I live on Miami Beach- under normal conditions the drive from here to Calle 8, would take twenty minutes- but not knowing how congested the traffic would be, and anticipating having difficulty parking, I left myself plenty of time to get to the march. About a mile away from the meeting place, I began to see people dressed in white carrying flowers. As I got closer, I began to encounter heavier traffic, and soon, I was crawling along at five miles an hour. All around, I could see more and more people heading towards Calle 8, until I was surrounded by a sea of white. The police had blocked off Calle 8. Parking close to the designated meeting area, of course, was impossible, so I decided that the best strategy would be to get as far away from the area as possible, and pay a homeowner to allow me to leave my car in his or her front yard. I was fortunate in that my plan worked, and I found a place about a mile away.

It was getting late, so I hurried to the meeting place, joining the throngs of people heading that way. The press was covering the event, for in addition to the news trucks parked on the streets, there must have been close to a dozen helicopters hovering overhead. The closer I got to Calle 8, the more congested the streets became, and soon it was close to impossible to walk without bumping into someone.
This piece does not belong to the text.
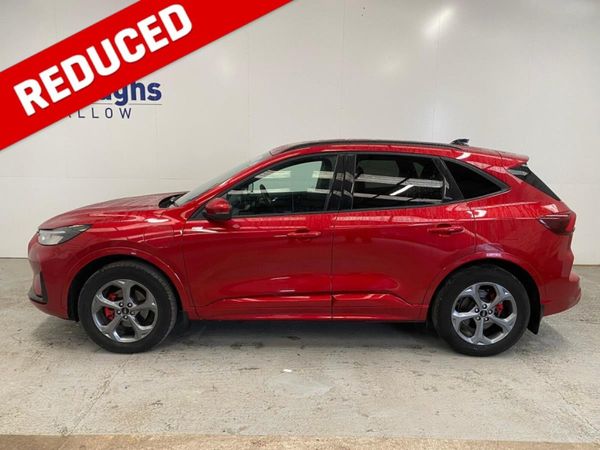 Ford Kuga SUV, Petrol Plug-in Hybrid, 2024, Red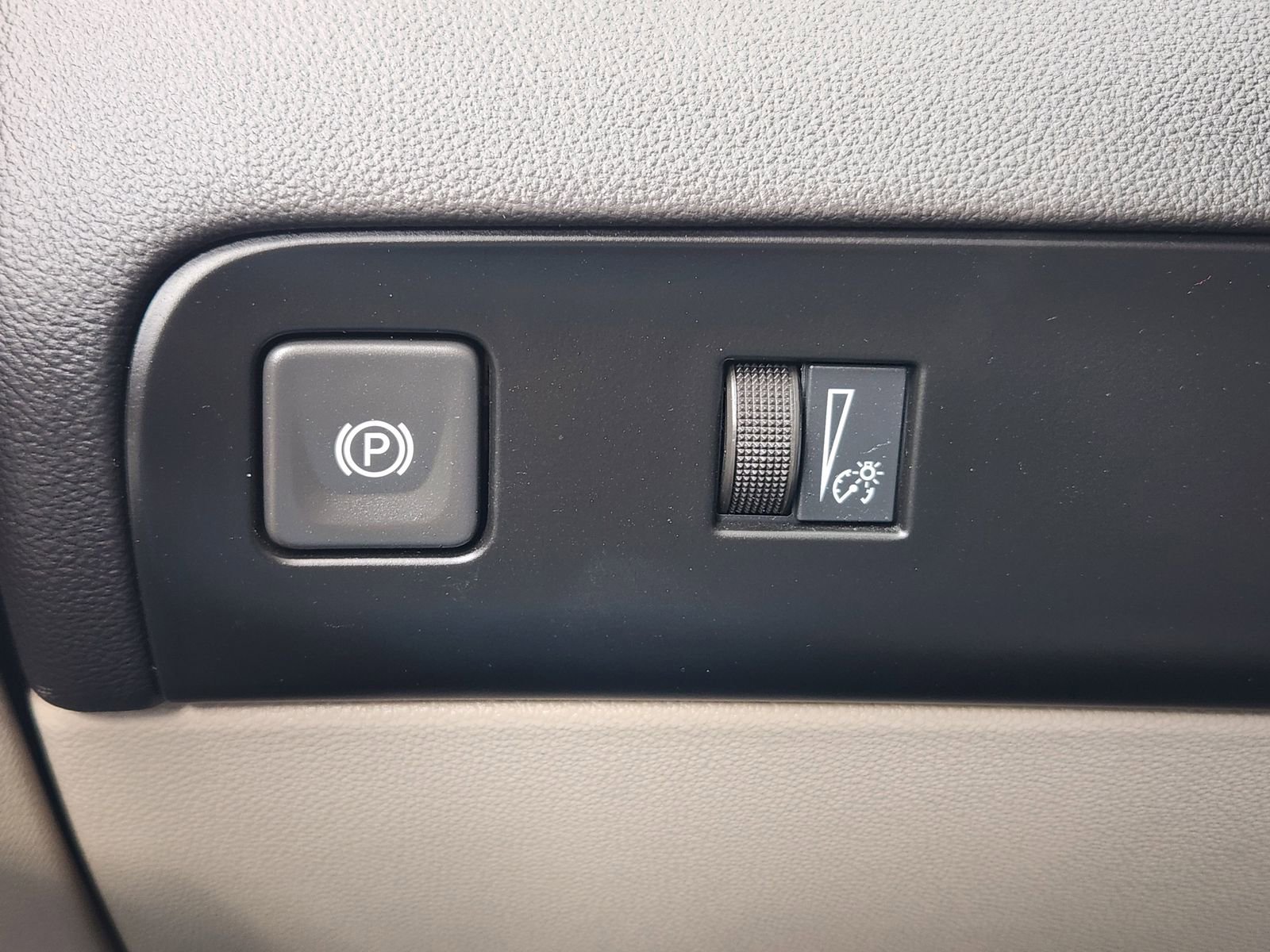 Used 2024 Buick Enclave Essence image 25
However, in spite of the multitude of people, the gathering was very orderly. (The City of Miami Police later reported that there was not one single incident during the event, unheard of in a march of such magnitude.)

As I took tiny steps, I looked around at my fellow marchers: there was an astonishing variety of individuals of all ages and colors: babies being carried by their parents; the very old in walkers or being pushed by a family member; teenagers; pregnant women; cocky young men; entire family groups; groups that looked as if they worked together, etc. The marchers were of all colors: black and white and mulatto. There were flags: American, Cuban, Salvadorean, Brazilian, Colombian, and several other nationalities. Many of the marchers carried signs with photos of Tamayo, others condemned the Castro brothers’ dictatorship, still others declared their support for human rights. Realizing the solemnity and importance of the occasion, the marchers were, for the most part, silent.

The day was beautiful: the sun was shining and a slight wind was blowing. For once, there was no humidity. It was as if Orlando Zapata Tamayo were looking down, and smiling.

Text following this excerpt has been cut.